Infectious disease expert Professor Allen Cheng answers your COVID-19 questions

What you could be banned from if you don’t get Covid jab

 

Restaurants and venues could refuse entry to people who cannot prove they have been vaccinated against COVID-19, depending on state government public health orders.

The federal government on Sunday revealed people will be issued with immunisation certificates through the Medicare app, but Government Services Minister Stuart Robert said states would be in charge of deciding what the jab would allow people to do.

"When it comes to workplace laws they are the purview of the states and territories," Mr Robert said.

"We would be expecting them to issue public health orders if they see fit so I will leave that to the states and territories.

"What the federal government does is provide a record of vaccination to Australians should the need to be there for Australians to use it."

It is expected some high-risk workplaces including aged care homes and hospitals will require proof of inoculation as a condition of entry.
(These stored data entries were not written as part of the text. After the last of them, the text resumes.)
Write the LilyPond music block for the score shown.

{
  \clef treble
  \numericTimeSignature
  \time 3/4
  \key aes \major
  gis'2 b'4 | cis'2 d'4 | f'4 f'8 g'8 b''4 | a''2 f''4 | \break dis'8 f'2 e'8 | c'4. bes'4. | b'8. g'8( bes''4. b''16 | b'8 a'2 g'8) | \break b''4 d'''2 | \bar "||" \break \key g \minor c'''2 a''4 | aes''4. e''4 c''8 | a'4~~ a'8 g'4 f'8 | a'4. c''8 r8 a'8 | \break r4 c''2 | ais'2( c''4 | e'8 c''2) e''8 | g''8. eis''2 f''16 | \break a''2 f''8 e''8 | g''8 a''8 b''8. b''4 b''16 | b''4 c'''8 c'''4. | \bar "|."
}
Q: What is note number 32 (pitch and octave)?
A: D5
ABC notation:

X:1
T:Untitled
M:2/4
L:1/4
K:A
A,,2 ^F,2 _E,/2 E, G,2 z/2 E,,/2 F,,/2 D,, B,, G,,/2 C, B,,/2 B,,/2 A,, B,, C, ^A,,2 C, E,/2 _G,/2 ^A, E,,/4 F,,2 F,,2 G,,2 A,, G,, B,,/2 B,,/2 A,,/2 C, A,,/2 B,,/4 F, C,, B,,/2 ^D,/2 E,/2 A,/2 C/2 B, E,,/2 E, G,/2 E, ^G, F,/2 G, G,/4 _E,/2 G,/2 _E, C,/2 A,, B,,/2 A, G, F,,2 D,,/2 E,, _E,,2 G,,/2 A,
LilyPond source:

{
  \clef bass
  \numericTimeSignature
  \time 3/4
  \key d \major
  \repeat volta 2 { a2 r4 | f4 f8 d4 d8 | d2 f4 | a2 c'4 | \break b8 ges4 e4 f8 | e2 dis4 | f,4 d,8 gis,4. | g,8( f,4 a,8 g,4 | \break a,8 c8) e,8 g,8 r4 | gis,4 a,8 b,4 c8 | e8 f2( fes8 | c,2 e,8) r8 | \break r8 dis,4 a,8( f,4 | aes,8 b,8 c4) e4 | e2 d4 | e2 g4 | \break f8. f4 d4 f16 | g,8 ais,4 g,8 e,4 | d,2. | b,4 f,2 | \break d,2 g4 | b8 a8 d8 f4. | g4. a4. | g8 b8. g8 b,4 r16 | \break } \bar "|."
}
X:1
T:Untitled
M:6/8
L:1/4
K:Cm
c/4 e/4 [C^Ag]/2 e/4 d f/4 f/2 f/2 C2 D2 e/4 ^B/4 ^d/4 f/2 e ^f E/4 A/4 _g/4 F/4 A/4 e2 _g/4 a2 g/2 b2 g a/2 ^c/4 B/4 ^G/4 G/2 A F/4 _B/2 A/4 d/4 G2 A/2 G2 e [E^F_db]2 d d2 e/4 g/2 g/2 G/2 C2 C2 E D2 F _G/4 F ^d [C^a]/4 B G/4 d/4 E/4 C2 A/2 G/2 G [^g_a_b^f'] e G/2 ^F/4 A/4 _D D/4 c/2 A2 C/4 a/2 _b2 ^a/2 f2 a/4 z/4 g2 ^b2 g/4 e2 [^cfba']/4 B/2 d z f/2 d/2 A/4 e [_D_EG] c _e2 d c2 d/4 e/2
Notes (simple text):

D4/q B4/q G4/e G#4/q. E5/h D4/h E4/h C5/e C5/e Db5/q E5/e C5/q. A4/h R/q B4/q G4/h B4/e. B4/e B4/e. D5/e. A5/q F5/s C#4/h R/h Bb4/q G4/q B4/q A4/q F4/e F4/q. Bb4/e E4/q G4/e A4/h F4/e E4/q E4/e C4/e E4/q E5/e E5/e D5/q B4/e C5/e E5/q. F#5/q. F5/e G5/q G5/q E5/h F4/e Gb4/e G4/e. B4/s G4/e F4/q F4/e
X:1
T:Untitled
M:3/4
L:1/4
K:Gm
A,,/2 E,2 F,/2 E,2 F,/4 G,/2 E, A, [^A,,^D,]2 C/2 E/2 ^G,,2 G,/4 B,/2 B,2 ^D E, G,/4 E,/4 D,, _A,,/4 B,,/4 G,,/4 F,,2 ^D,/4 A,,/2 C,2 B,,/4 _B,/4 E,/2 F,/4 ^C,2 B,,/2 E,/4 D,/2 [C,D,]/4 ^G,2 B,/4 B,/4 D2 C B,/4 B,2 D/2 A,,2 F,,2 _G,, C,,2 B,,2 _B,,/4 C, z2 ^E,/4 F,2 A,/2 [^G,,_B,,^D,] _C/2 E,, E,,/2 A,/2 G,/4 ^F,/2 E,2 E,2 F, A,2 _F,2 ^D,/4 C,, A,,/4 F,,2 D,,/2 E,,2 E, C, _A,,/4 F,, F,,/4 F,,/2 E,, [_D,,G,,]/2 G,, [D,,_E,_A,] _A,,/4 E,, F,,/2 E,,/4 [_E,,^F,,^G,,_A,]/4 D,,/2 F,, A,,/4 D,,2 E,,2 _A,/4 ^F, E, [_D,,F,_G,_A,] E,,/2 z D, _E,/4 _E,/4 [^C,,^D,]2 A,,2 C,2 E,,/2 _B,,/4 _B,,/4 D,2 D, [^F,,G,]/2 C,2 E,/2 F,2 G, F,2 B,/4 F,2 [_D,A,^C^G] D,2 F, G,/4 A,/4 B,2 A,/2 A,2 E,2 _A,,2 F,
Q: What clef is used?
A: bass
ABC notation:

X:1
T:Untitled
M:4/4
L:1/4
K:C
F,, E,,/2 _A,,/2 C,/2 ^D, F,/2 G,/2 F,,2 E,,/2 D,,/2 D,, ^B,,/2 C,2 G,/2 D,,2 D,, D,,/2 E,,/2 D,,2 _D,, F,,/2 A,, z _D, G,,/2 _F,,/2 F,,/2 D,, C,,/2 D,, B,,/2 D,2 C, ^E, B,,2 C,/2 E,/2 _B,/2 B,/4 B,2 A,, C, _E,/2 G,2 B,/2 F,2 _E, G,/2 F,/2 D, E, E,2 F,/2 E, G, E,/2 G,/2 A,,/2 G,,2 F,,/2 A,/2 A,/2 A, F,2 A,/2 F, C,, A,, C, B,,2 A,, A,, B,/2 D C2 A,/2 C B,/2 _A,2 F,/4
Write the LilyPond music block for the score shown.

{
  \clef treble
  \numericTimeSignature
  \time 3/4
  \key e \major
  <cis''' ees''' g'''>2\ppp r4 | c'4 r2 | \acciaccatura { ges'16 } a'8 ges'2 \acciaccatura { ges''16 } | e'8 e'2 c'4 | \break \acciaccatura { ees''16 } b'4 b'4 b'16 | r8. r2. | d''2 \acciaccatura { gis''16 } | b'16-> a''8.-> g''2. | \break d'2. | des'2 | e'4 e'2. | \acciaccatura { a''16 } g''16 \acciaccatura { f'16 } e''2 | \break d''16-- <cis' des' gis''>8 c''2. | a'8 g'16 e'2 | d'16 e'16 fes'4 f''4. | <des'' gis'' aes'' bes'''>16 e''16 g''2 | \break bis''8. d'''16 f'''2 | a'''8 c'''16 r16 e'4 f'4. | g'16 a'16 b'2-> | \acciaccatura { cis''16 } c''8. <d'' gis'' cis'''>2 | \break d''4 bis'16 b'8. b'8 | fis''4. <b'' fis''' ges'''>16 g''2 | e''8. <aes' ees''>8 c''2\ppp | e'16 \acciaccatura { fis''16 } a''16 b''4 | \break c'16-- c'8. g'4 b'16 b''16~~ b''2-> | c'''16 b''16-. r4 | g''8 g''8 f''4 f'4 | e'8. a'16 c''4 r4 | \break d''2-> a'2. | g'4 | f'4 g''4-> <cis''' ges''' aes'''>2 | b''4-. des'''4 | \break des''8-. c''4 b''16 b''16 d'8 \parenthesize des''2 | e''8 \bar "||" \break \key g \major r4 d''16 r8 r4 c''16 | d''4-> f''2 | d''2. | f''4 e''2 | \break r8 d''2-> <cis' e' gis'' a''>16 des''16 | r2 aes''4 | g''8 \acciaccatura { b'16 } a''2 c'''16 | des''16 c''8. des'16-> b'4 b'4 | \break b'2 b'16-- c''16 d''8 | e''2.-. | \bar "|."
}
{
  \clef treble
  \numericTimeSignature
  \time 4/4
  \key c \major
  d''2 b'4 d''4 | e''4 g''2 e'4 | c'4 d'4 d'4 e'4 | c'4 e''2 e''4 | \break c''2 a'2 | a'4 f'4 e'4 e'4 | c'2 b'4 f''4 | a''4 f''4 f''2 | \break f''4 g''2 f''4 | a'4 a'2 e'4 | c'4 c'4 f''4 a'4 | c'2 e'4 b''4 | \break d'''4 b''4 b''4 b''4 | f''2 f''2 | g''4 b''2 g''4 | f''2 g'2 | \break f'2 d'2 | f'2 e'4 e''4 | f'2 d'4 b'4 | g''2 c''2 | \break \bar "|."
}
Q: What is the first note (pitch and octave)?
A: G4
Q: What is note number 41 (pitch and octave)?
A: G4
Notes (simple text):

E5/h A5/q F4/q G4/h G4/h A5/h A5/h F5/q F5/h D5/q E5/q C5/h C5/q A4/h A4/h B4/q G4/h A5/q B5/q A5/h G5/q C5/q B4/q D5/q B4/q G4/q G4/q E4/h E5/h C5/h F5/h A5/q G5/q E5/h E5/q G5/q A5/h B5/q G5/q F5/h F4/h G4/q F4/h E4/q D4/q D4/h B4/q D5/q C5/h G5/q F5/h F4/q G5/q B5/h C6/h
Certificates may also be required when entering or leaving hot spots and cross state lines in the case of outbreaks.

Punters enjoy a cold beer at The College Lawn Hotel in Prahran. Picture: NCA NewsWire / David Geraghty
Punters enjoy a cold beer at The College Lawn Hotel in Prahran. Picture: NCA NewsWire / David Geraghty

Opposition leader Anthony Albanese said he expected some workplaces to mandate vaccinations against COVID-19 as a condition of entry.

"There's a range of jobs now for which you have to, for example, show that you have a flu vaccine," he said.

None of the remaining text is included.